• _TASK INPUT_:

————

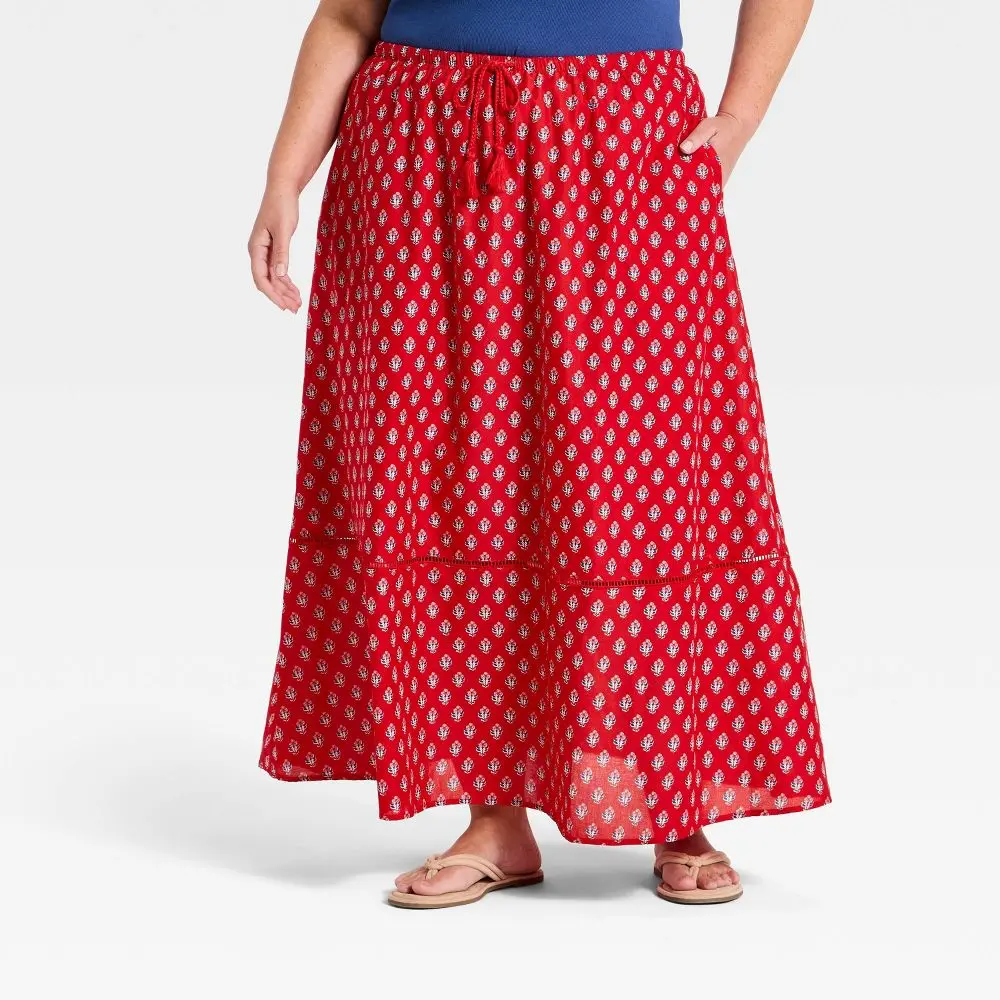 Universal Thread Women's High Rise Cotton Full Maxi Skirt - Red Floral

————

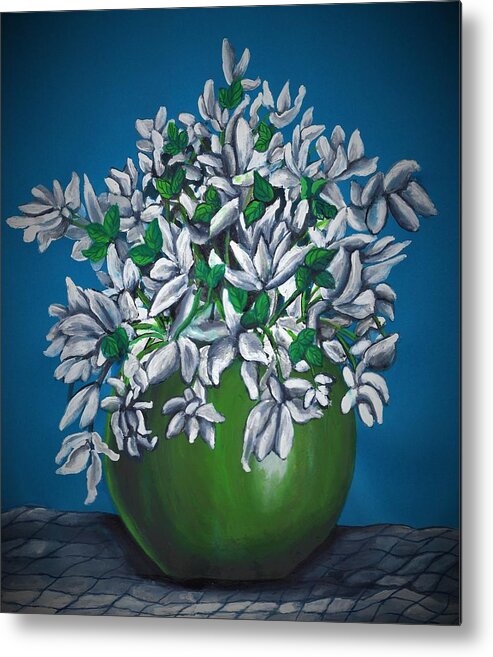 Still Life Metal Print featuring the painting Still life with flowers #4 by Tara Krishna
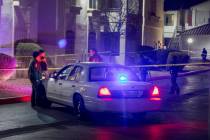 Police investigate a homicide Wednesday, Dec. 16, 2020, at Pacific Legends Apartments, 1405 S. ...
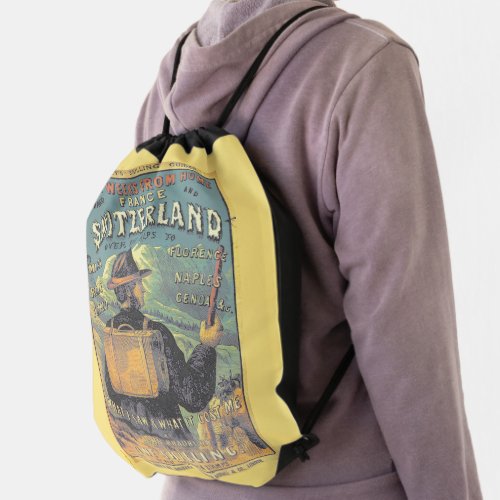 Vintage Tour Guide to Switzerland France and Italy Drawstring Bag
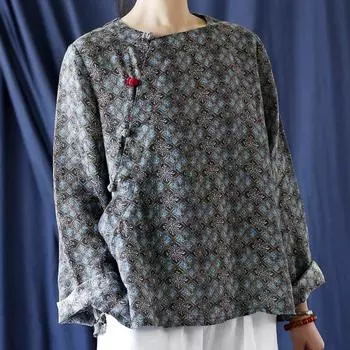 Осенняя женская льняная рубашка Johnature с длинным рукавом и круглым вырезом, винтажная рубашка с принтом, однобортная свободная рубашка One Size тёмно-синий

————

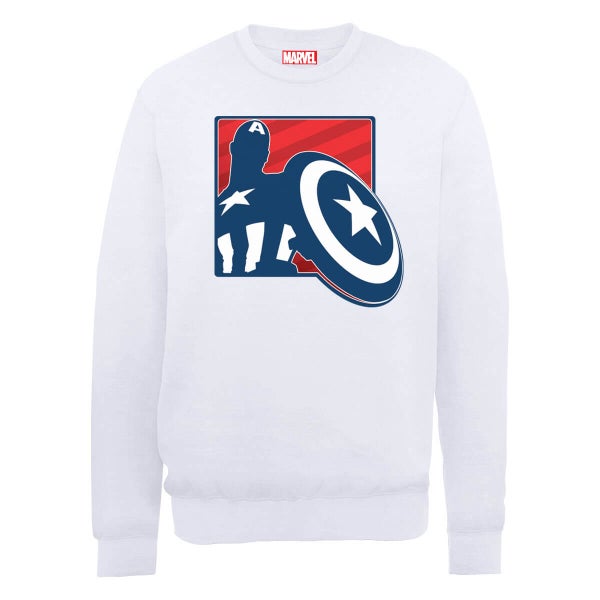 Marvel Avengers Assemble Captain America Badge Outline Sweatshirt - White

————

• _EXERCISE AIM_: Look through the listing above for the line with "Vintage Tour Guide" and the line with "Осенняя женская льняная". Write out exactly those lines and everything between, leaving out pictures.

• _RESULT FOR THIS EXERCISE_:
 Vintage Tour Guide to Switzerland France and Italy Drawstring Bag
 Осенняя женская льняная рубашка Johnature с длинным рукавом и круглым вырезом, винтажная рубашка с принтом, однобортная свободная рубашка One Size тёмно-синий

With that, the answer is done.